This can be seen from the following graph:
Comparison with another Spanner Autoscaler
There is another approach to autoscaling the Spanner compute capacity which is mentioned in cloudspannerecosystem/autoscaler. As can be seen from the architecture, it is completely based on tools and solutions from GCP.
However, since we had already adopted Kubernetes for running all our workloads, mercari/spanner-autoscaler was designed with a reconciliation based approach and was well suited for our infrastructure as code model (which is largely YAML based).

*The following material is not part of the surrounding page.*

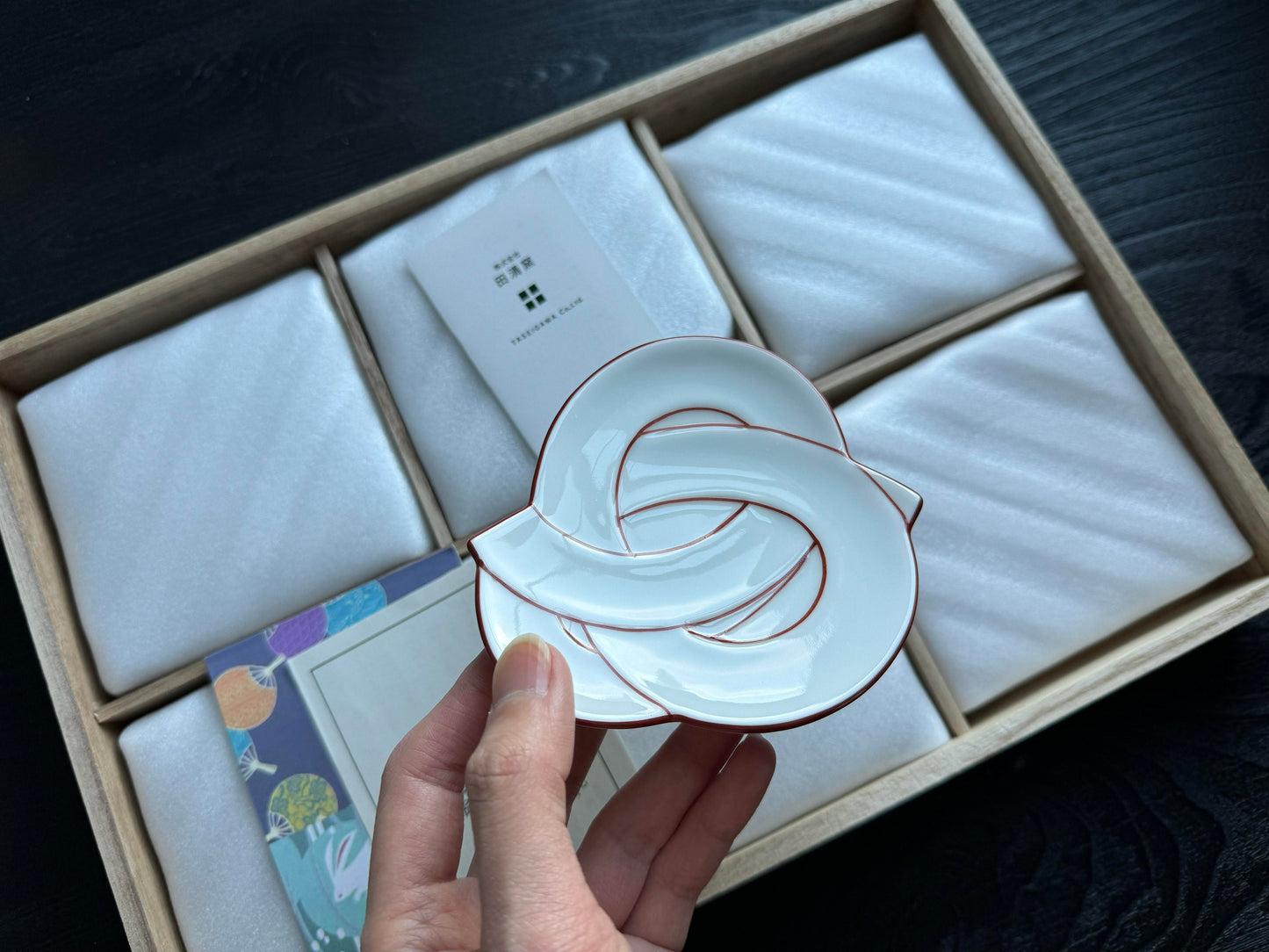 Arita Ware "Musubi"(Knot Series) Small Plate - Taseigama田清窯(Assortment Set of 6 with Gift Package)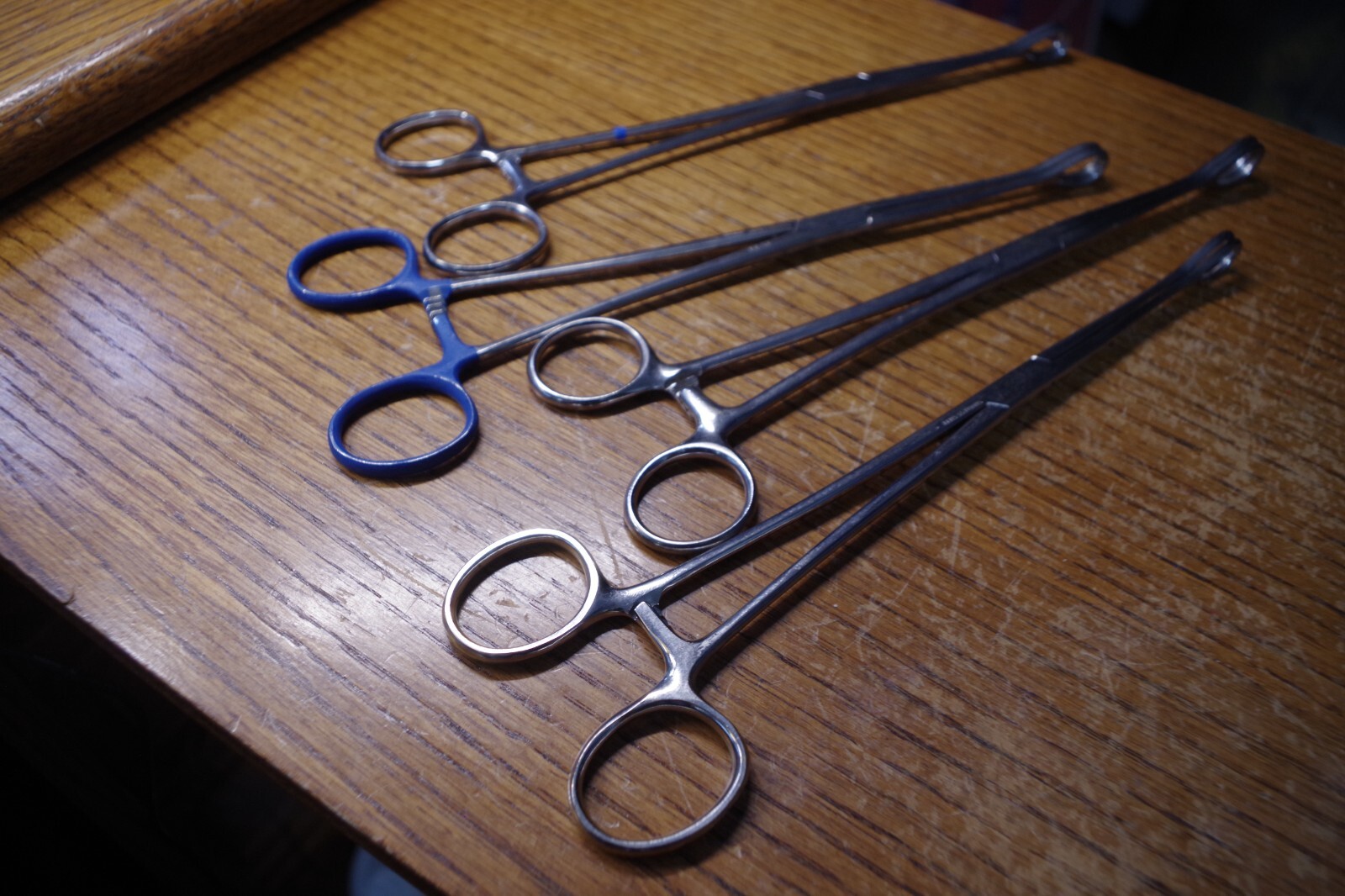 Misdom-Frank Surgical Forceps 9″, Good condition!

Users with non-kuberenetes based environments might prefer to manage the autoscaling of their Spanner instances using cloudspannerecosystem/autoscaler approach.
Coming Soon
As mentioned in the features section above, in addition to real time scaling, we are currently actively working on a scheduled scaling feature which would allow users to scale the compute capacity of Spanner instances at predetermined times as well.
We here at Merpay are actively developing the Spanner Autoscaler and are planning to soon adopt it for managing the compute capacity of all our Spanner instances. We will continue to work on any new requirements which we come across or things which can be improved.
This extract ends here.